Summary:
The paper presents a solution to the multipath routing and scalalability problems in the current Internet that uses BGP. The new solution solves these problems while allowing all BGP policies, exposing a large set of paths, making it possible to know what paths would be used, giving senders the choice in path selection, and reducing the size of the forwarding information base (FIB). The dataplane works as follows:
- Each network will label its routers and end-hosts with one or more vnodes.
- Each network exposes a vnode to its neighbors. When packets arrive from that neighbor, they will arrive to the exposed vnode.
- Each network constructs a set of paths it allows using its vnodes and the neighbor's vnodes. These paths are called pathlets.
- Each pathlet is labeled with a forwarding identifier (FID), and each (first hop vnode, FID) pair is globally unique. The first hop vnode is the first vnode in a pathlet identified by its FID.
- Pathlets are disseminated through the network (this is the control plane's job).
- A network can then proceed to construct more general pathlets that start at a vnode in the network but can contain vnodes in other non-neighboring networks.
- These "general" pathlets are of the form v1, FID1, ..., FIDn
- A sender constructs a path by finding a number of pathlets that together connect the sender to the receiver. The path looks like the following: v1, F1, ..., Fn where the Fi are FIDs.

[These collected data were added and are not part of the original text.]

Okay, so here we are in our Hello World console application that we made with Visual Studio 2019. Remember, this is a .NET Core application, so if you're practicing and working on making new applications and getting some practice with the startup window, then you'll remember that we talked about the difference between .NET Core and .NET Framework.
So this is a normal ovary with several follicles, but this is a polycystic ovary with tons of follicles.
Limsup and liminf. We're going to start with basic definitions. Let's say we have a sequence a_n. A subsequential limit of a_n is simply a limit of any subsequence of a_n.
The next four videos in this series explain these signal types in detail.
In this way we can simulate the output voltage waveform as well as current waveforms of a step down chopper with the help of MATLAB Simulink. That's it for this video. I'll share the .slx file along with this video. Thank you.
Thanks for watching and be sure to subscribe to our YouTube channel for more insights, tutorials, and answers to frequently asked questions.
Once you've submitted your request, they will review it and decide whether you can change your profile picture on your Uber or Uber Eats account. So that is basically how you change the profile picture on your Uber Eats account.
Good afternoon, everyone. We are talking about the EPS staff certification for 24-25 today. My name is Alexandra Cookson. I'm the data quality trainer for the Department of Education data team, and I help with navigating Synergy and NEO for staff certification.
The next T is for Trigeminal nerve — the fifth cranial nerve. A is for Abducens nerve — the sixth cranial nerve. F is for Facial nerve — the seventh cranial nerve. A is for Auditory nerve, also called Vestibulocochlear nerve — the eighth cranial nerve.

- When the packet arrives at the router labeled v1 in the sender's provider, the router checks that v1 is the start of the pathlet identified with F1, and drops it if not.
- Otherwise, there are two choices. 1) If the FID1 is a "base" case FID that only connects local vnodes with neighboring vnodes, the router pops v1 and F1 from the path and replaces them with the vnode v2 at the end of the pathlet. 2) Otherwise if F1 is a "generalized" pathlet, then is replaces v1 and F1 with v2, FID2, ..., FIDm. So the packet now has path: v2, FID2, ..., FIDm, F2, ..., Fn.
- Each (vnode, FID) pair at the beginning of the path is either replaced with one vnode or with a vnode and a list of other FIDs, until the destination is reached.
Pathlet dissemination uses a path vector algorithm.
For a particular class of transit policies the authors call local transit (LT) policies, forwarding tables in the switches can be very small. These LT policies construct only "base" case pathlets that only have local vnodes or neighboring vnodes. Unfortunately, these policies cannot depend on a route's destination such as in BGP.
They come up with the notion of "policy emulation" to compare their architecture to others. They define "policy emulation" as: protocol P can emulate protocol Q if P can produce every outcome that Q can produce while using a similar amount of overhead. By their admission, this definition is limited since it has no notion of security or cost.
Pathlet routing can emulate BGP and IP strict routing with no modifications. To emulate MIRO and NIRA, the authors needed to extend the pathlet routing dissemination protocol to allow a router to pull pathlets from a non-neighboring vnode. On the other hand, pathlet routing cannot emulate "generalized" NIRA or Feedback Based Routing (FBR) because they use a packet's previous hops. In addition, FBR has both blacklisting and whitelisting that can represent some policies much more efficiently than pathlets. Pathlet rouing cannot emulate routing deflections and path splicing since they would require a large amount of control traffic to the senders.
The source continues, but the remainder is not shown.